İçimizdeki Ormanın Adı: Zeus

Ben bir kafeste yaşayamam. İçimde orman büyüyor.
Geçtiğimiz günlerde Antalya’nın Manavgat ilçesinde ormanın krallarından biri, adı Zeus olan bir aslan, kafesinden kaçtı. Tellere, duvarlara ve muhtemelen kendi kafesine sığmayan ve doğasını hatırlayan bir aslan. Kafesinden, beton duvarların arasından, insanların gözlerinin içine bakarak yürüdü. Ne için? Özgürlük mü? Yoksa amacı sadece içgüdüyle yeşili, toprağı, güneşi aramak mıydı?
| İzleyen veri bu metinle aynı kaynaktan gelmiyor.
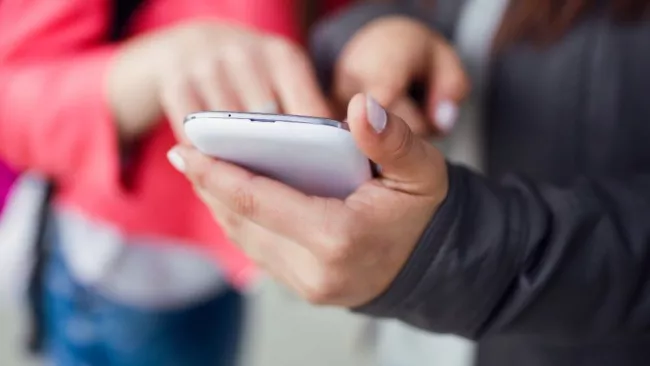 Uživatelky komunikují na smartphonu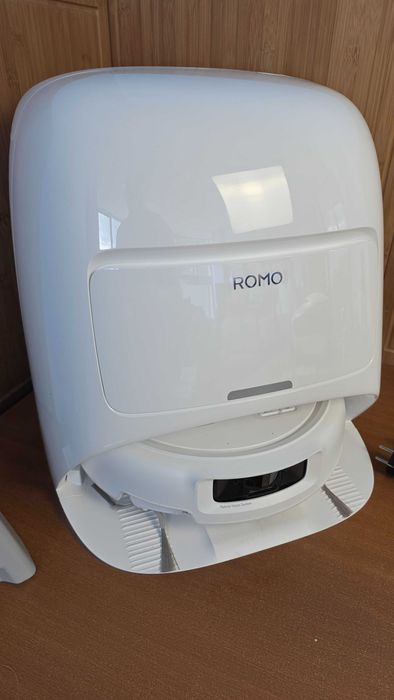 DJI ROMO S - Robot sprzątający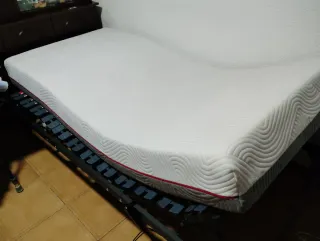 Cama articulada con colchón nuevo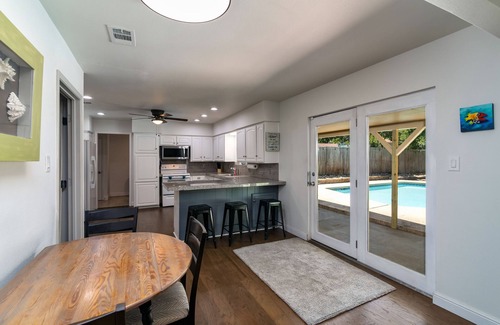 North Richland Hills House | Big Saltwater Pool close to Tex Rail
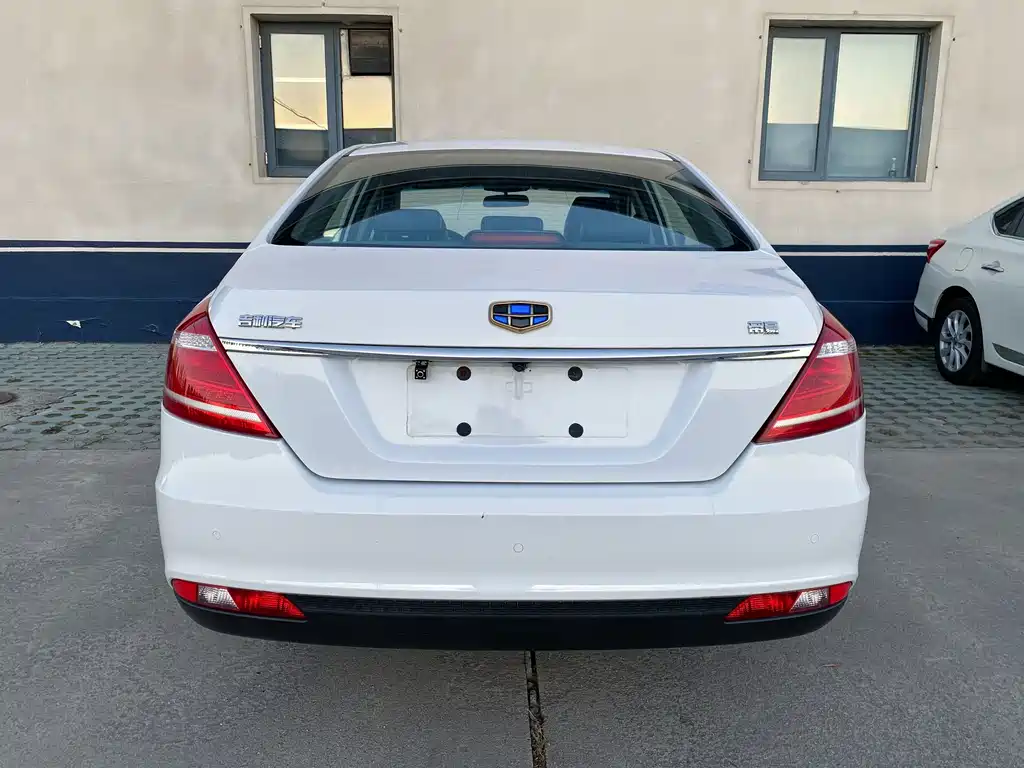 Geely Emgrand — миниатюра 5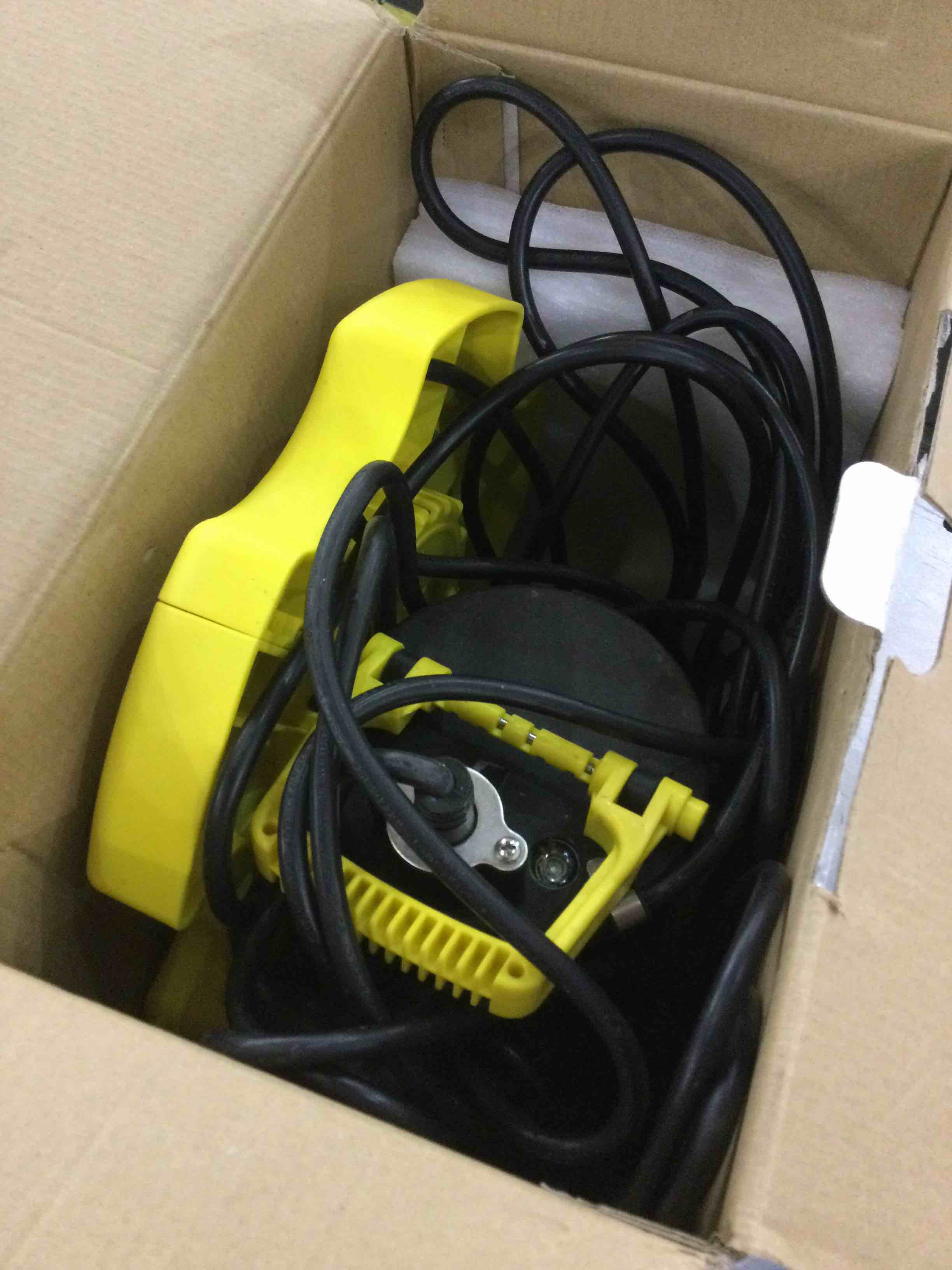 https://s3.amazonaws.com/lotting-images-prod/BargainHunt/EXS01036403_1708111582650.jpeg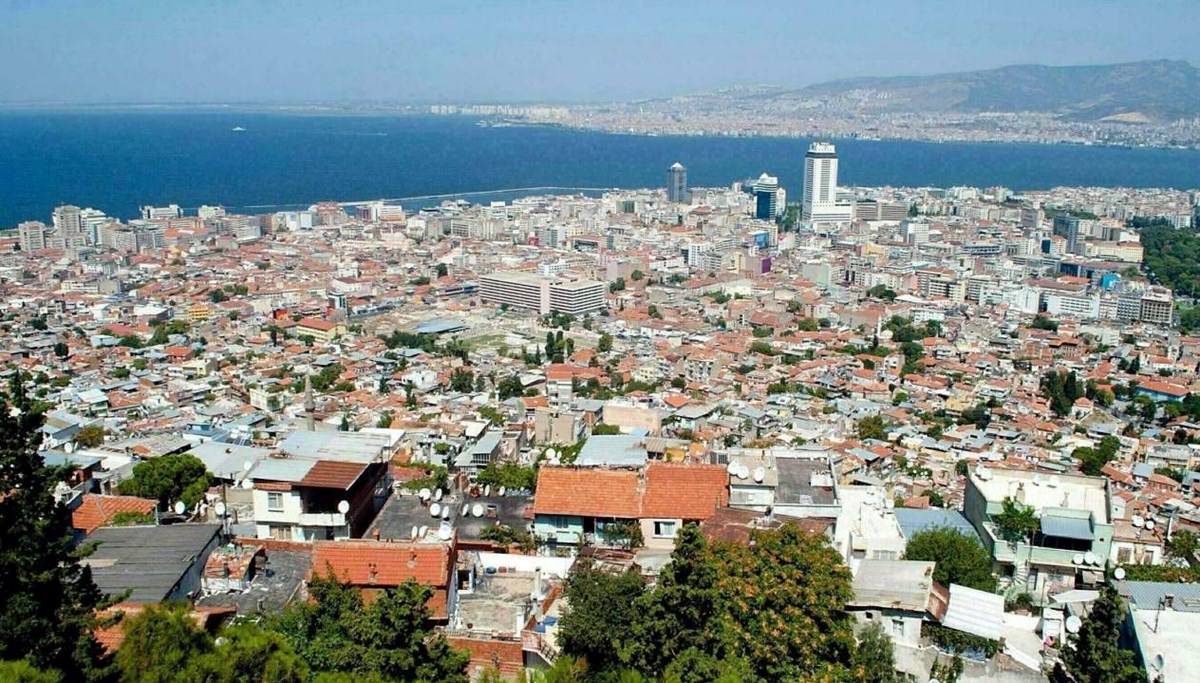 İzmir'de su kesintisi İzmir'de su kesintisi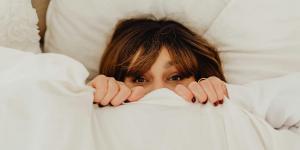 yeux gonflés matin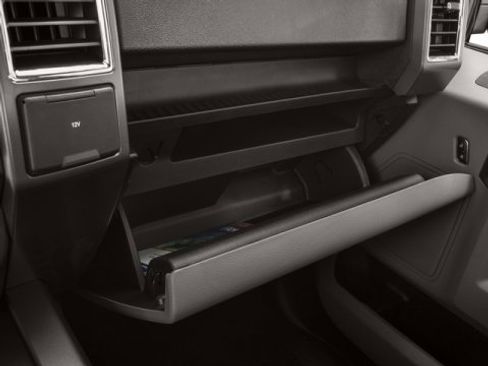 Used 2017 Ford F150 XLT w/ Equipment Group 302A Luxury image 17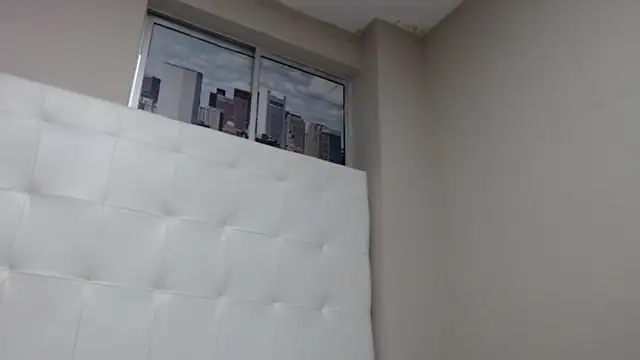 Snapshot of willow_smitt chatting on September 24, 2025, 12:44 pm willow smitt online show from September 24, 2025, 12:44 pm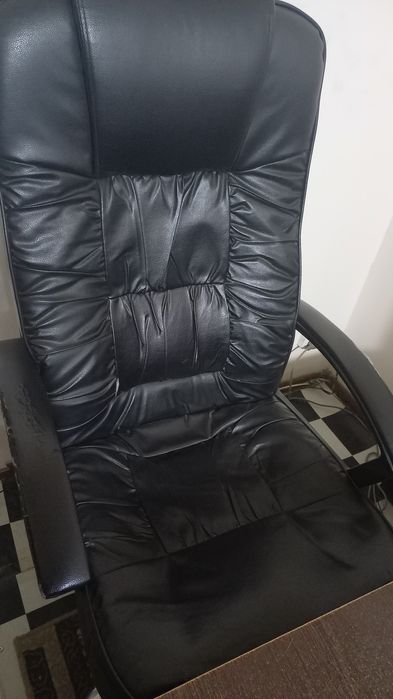 Продаётся офисные кресло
Bu bir hayvanın değil, bir sistemin hikâyesi. Kendi özgürlüğünü kısıtladıkları gibi, hayvanların da sadece “seyirlik” olması gerektiğine inanan zihniyetin portresiydi bu.
Bir hayvanın kaçışında, hepimizin özgürlük arzusu saklıydı.
Onun için “kaçtı” dediler ama aslında o, doğasına geri döndü. Bu tek kelime bile ne kadar yetersizdir onun hikayesini anlatmaya. “Buraya ait değilim” demenin en hayvanca, en onurlu halini gösterdi Zeus. Çünkü özgürlük, sadece bir mekândan kaçmak değil; esaretin her türlüsüne başkaldırmaktır. Zeus, o zincirleri kırdı ve yürüdü.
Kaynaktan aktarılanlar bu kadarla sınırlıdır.